Source data:
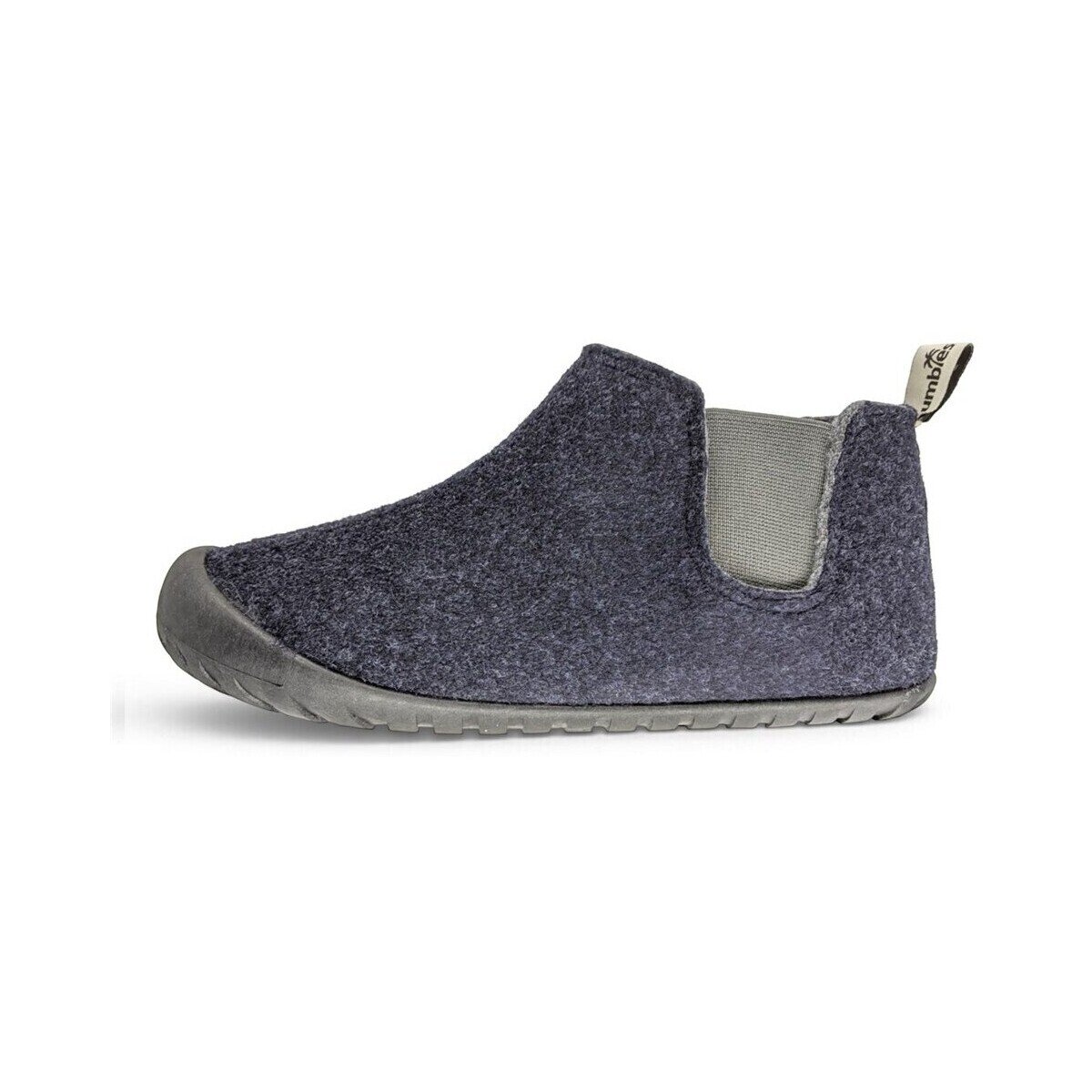 Gumbies Pantofi Brumby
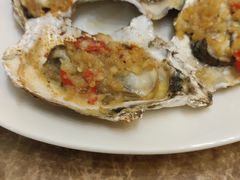 -盛宴标帜餐厅·亲子自助 (南昌喜来登酒店)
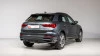 Audi Q3 Genuide Ed.35 TDI 110kW (150CV) S tronic Audi Q3 Genuide Ed.35 TDI 110kW (150CV) S tronic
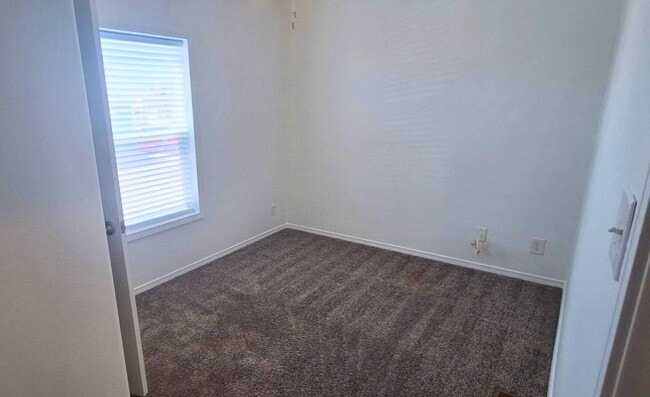 Building Photo - 4487 E Lake Mead Blvd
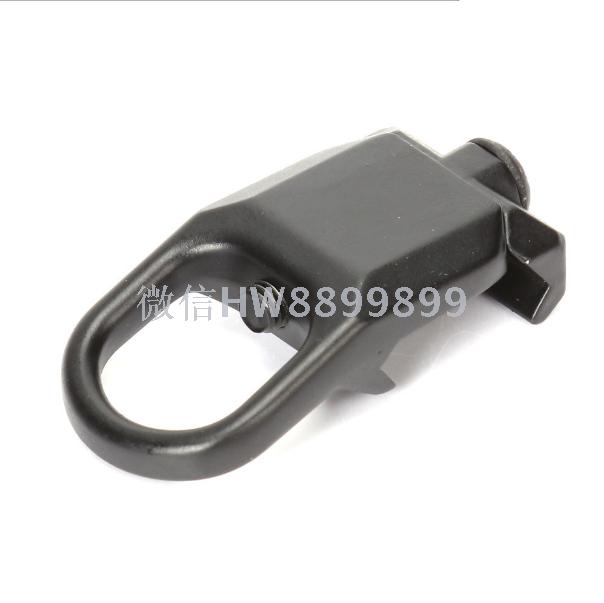 Kam Ming lower supply belt buckle Belt ring sand color belt buckle buckle buckle buckle buckle buckle buckle buckle buckle fastener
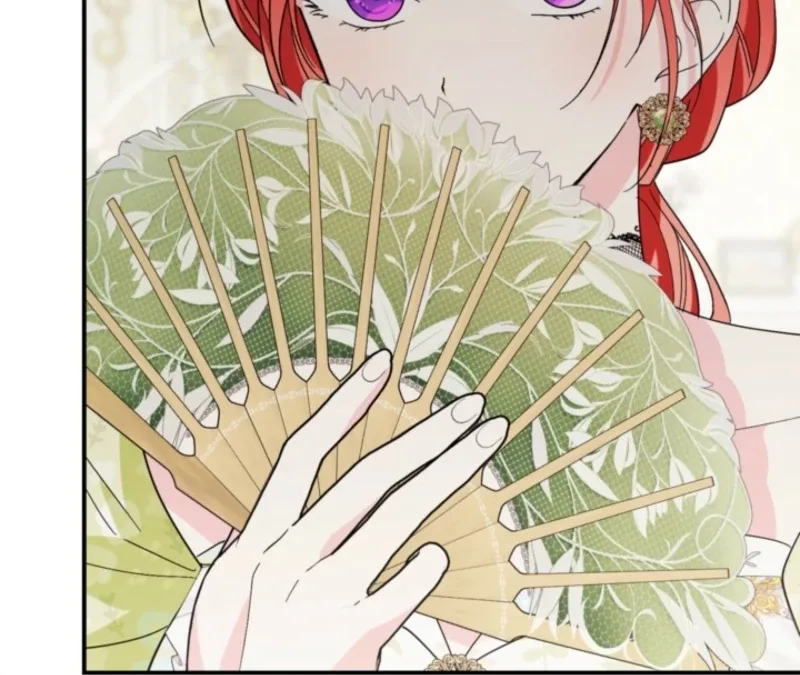 I Adopted the Protagonist, and the Genre Changed Chapter 20 page 10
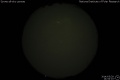 2014/5/29 14:54’10”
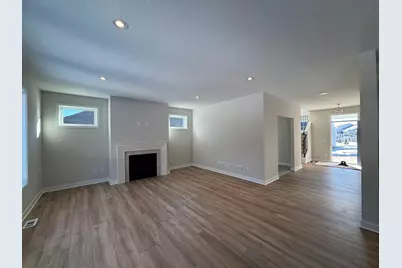 7254 61st Street S, Cottage Grove, MN 55016 - Photo 17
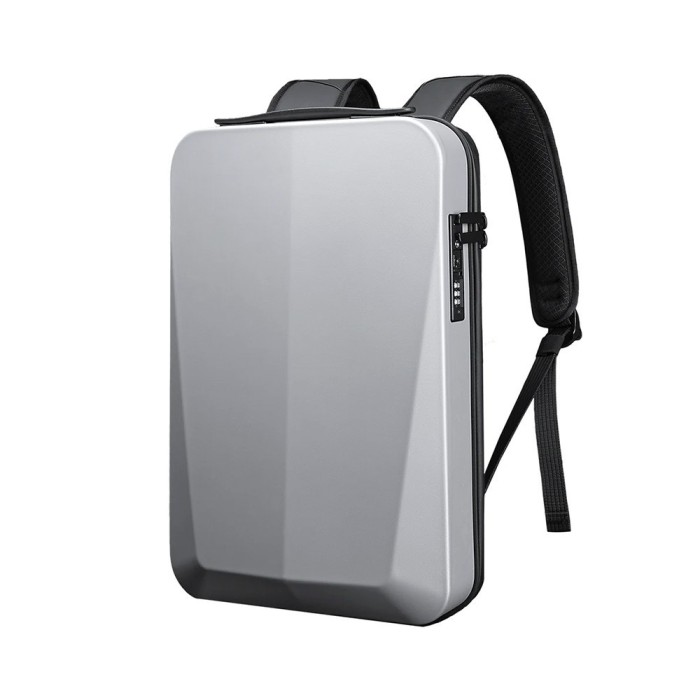Axen merev&iacute;tett Usb-s laptop h&aacute;tizs&aacute;k ez&uuml;st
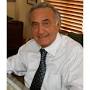Profile Picture of John Anagnos Obituary (1941 - 2019) - Glastonbury, CT - Hartford Courant (@legacy.com) on Google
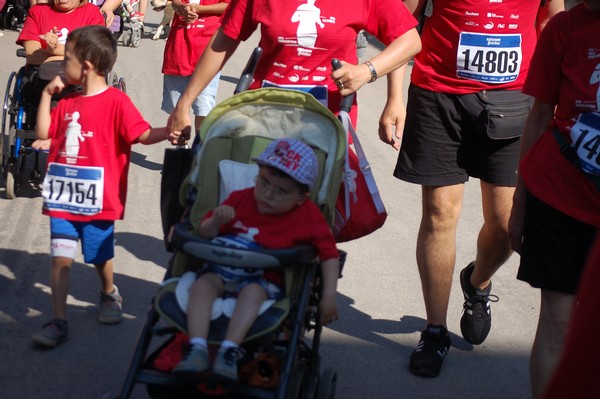 Walk of Life non competitiva (08/06/2014) 00110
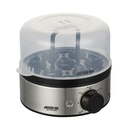 ماكينة سلق البيض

Task: Hand back every line of the material, exactly, without the pictures.

Expected answer:
 Gumbies Pantofi Brumby
 -盛宴标帜餐厅·亲子自助 (南昌喜来登酒店)
 Audi Q3 Genuide Ed.35 TDI 110kW (150CV) S tronic Audi Q3 Genuide Ed.35 TDI 110kW (150CV) S tronic
 Building Photo - 4487 E Lake Mead Blvd
 Kam Ming lower supply belt buckle Belt ring sand color belt buckle buckle buckle buckle buckle buckle buckle buckle buckle fastener
 I Adopted the Protagonist, and the Genre Changed Chapter 20 page 10
 2014/5/29 14:54’10”
 7254 61st Street S, Cottage Grove, MN 55016 - Photo 17
Axen merev&iacute;tett Usb-s laptop h&aacute;tizs&aacute;k ez&uuml;st
Profile Picture of John Anagnos Obituary (1941 - 2019) - Glastonbury, CT - Hartford Courant (@legacy.com) on Google
 Walk of Life non competitiva (08/06/2014) 00110
 ماكينة سلق البيض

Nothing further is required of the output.